Hue is, first and foremost, busy. The amount of motorbikes, bicycles, cyclos and cars is overwhelming, more so even than Saigon. We reached the city in the early evening and after depositing our bags at the hotel, set off to explore. For a Tuesday night, we were amazed by the steady stream of traffic that never seemed to wane. Of course, there was a festival occurring this week.
After seeing the lineup of events in Hue, I decided to rename it, “City of Festivals,” as it seems that there is always some sort of celebration going on. In the three days that we were there, we saw a beer festival, a national cultural celebration, the lighting of the Citadel (which was very cool, and I’m glad we were there to see it), a drum/traditional music exhibition and I can’t even remember what else.
The city is dominated by the Citadel, which encloses the Imperial City, Thai Hoa Palace, Forbidden Purple City and other structures. The Ngo Mon gate is impressive, as is the other restored elements of the walled city. The true grandeur of the area is described and shown in a short video after you walk through the throne room; it does a fantastic job of showing what it looked like originally. Not all of the structures are restored and the Forbidden Purple City is in ruins; I thought something “forbidden” would be more…scenic. However, exploring the grounds was interesting and the ancestral alters were truly inspiring.

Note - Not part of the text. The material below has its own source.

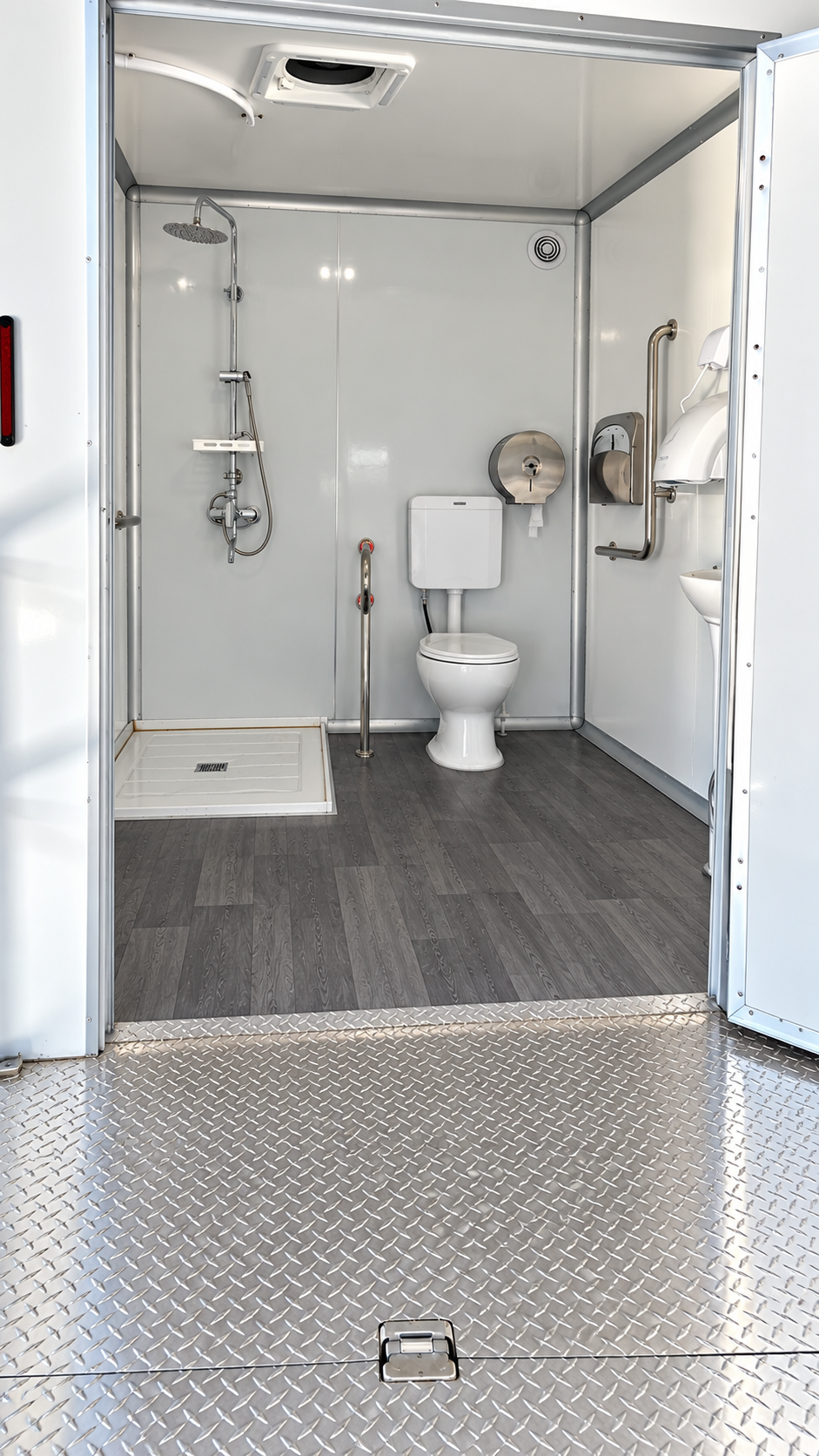 Shower, toilet and sink visible inside a combined facility trailer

My attention was caught when we first walked through the Esplanade of Great Salutations: I saw elephants. With people riding them.
I’ve always wanted to ride an elephant. I’m not sure why…I think it might go back to early days with The Jungle Book, or maybe Just So Stories. In any case, I’ve always pictured myself on the back of a noble pachyderm, swaying gently on the platform, looking serenely into the jungly distance (I have a very detailed imagination).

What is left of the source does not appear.